_Assignment:_
Once the pictures are removed, output the remaining entries exactly as given.

_Dataset excerpts:_
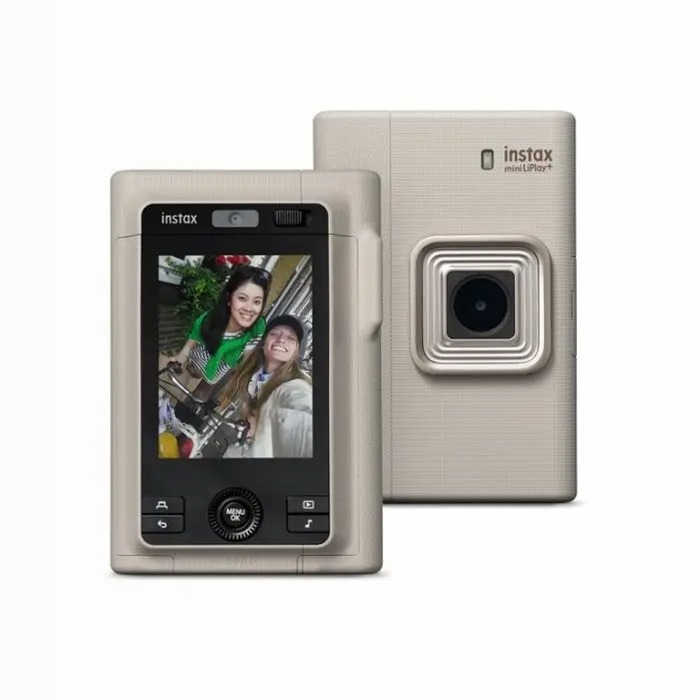 Instax mini LiPlay+™: Fotocamera istantanea innovativa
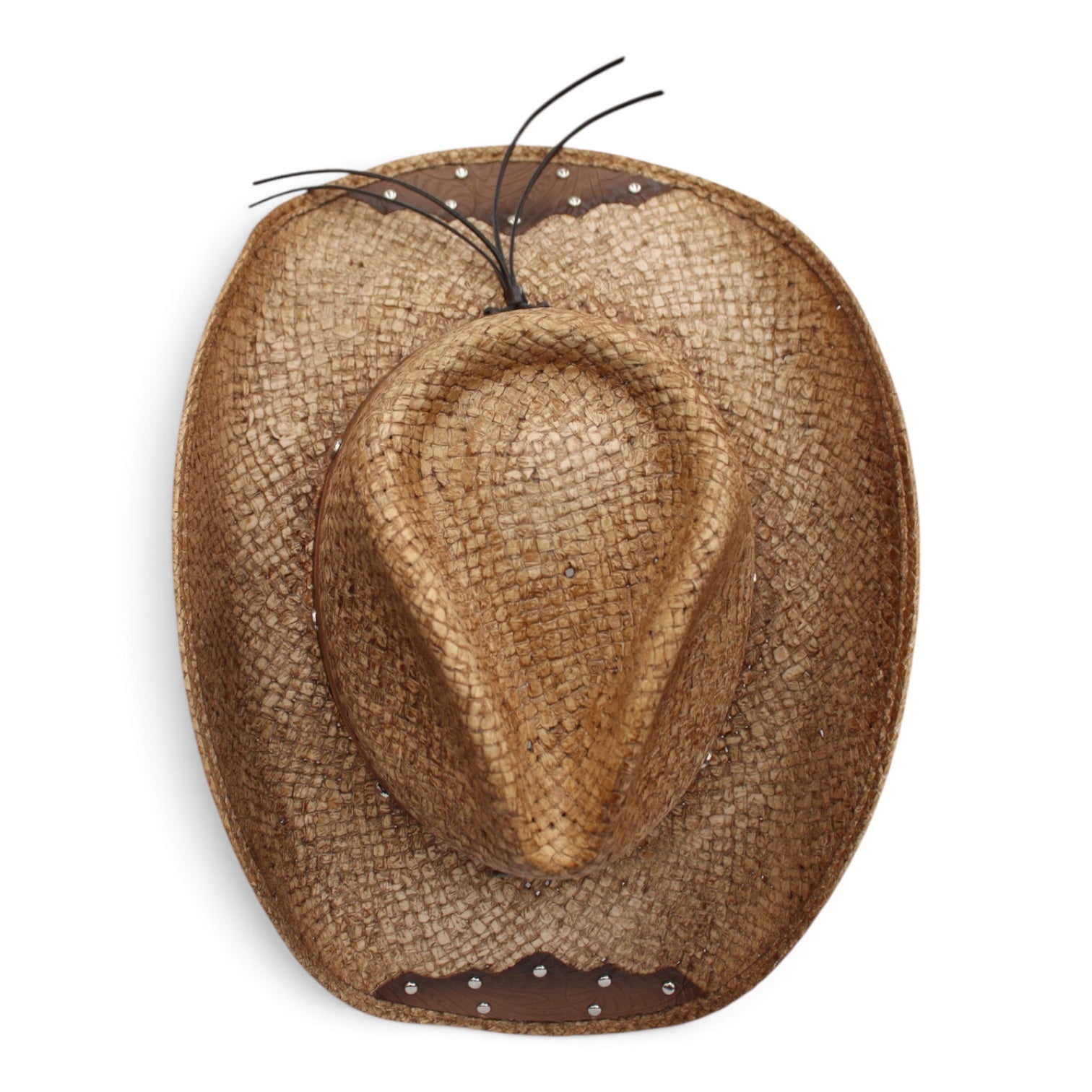 Sombrero Trompo Nante Prisma Camel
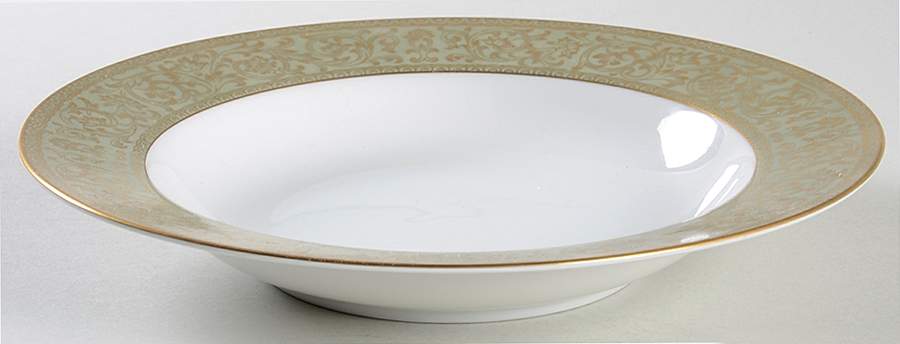 Versailles Rim Soup Bowl by Sango-1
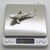 Vintage Italian Handmade Genuine Silver Large Shark Figurine Sculpture, Made in Tuscany (Arezzo) For Sale - Image 9 of 10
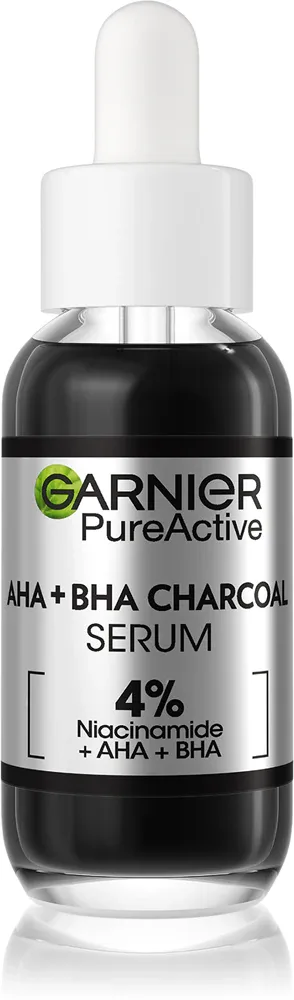 Garnier Pure Active Charcoal - Сыворотка против несовершенств кожи, 30 мл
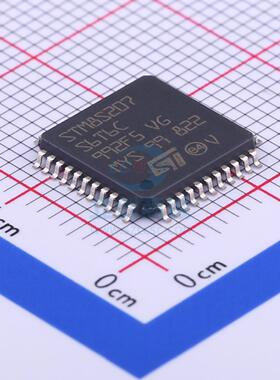 单片机芯片IC STM8S207S6T6C LQFP-44_10x10x08P ST 全新原装进口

_Result of the exercise:_
 Instax mini LiPlay+™: Fotocamera istantanea innovativa
 Sombrero Trompo Nante Prisma Camel
 Versailles Rim Soup Bowl by Sango-1
 Vintage Italian Handmade Genuine Silver Large Shark Figurine Sculpture, Made in Tuscany (Arezzo) For Sale - Image 9 of 10
 Garnier Pure Active Charcoal - Сыворотка против несовершенств кожи, 30 мл
 单片机芯片IC STM8S207S6T6C LQFP-44_10x10x08P ST 全新原装进口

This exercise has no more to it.